Rutkow's biography of Garfield emphasizes the medical aspects of the 20th president's assassination and death. Garfield, the fourth of six presidents who had served as an officer during the Civil War, achieved the rank of brigadier general. Upon entering Congress he joined the Radical Republicans in pushing Lincoln toward a more exacting policy toward the defeated Confederacy. As Northern opposition to radical Reconstruction mounted after Grant's election, Garfield moderated and supported pulling federal troops out of the South and a less vigorous enforcement of the civil rights bill. To say, as Rutkow does, that Garfield's opinions on the military's role in Reconstruction "never varied" is incorrect, and the story of how Garfield changed his mind is an interesting, revealing part of Reconstruction. Such subtleties would distract Rutkow, who concentrates on the medical mishaps leading to Garfield's sad, avoidable demise 200 days after his inauguration. The president's attending doctor, Willard Bliss, was a Civil War surgeon whose old methods, distrust of then—current medical research into antisepsis, bacteria, and sterilization, and insistence on complete control of Garfield's recovery, led to the president's infection and death. The emphasis on the odd circumstances of Garfield's death is a missed opportunity in a series otherwise focused on political history.

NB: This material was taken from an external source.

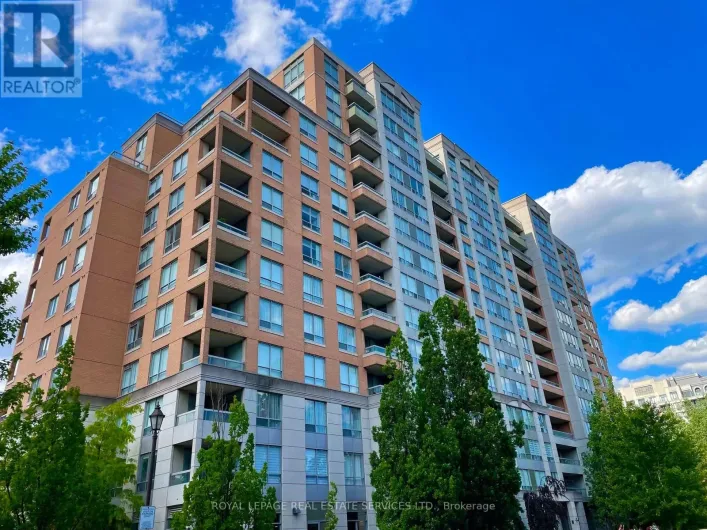 203 - 29 NORTHERN HEIGHTS DRIVE, Richmond Hill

Toward a Constitutional History
The failings of the American Presidents Series are instructive, reminding us of the need for a constitutional history of the United States premised upon the importance of first principles. Essential elements of such a history would include an awareness of the limits of human understanding and an appreciation for the context of statesmanship. Too often the Series's authors assume our presidents' fundamental task is to expand the state and liberate humans from the permanent problems and tensions of political life.

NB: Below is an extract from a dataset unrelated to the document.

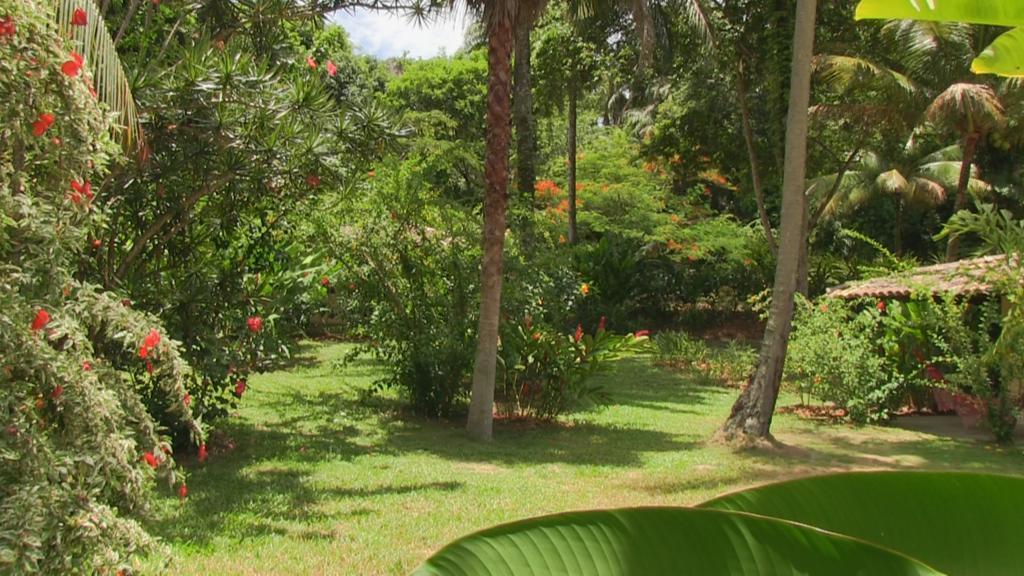 Pousada Tassimirim Velha Boipeba Exterior foto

In reality, administration is seldom as enlightened as it needs to be and certainly far less enlightened than progressive historians assume it can be. Aware of the problems of monopoly, favoritism, and corruption, the American Founders advocated limited government, knowing full well there would be controversies about constitutional boundaries. The superior political history we need would treat, seriously and respectfully, the problem of deciding where to establish these boundaries in concrete cases, rather than proceeding from the hoary assumption that every politician's effort to expand government hastens the arrival, in Schlesinger's words, of "an ideal America."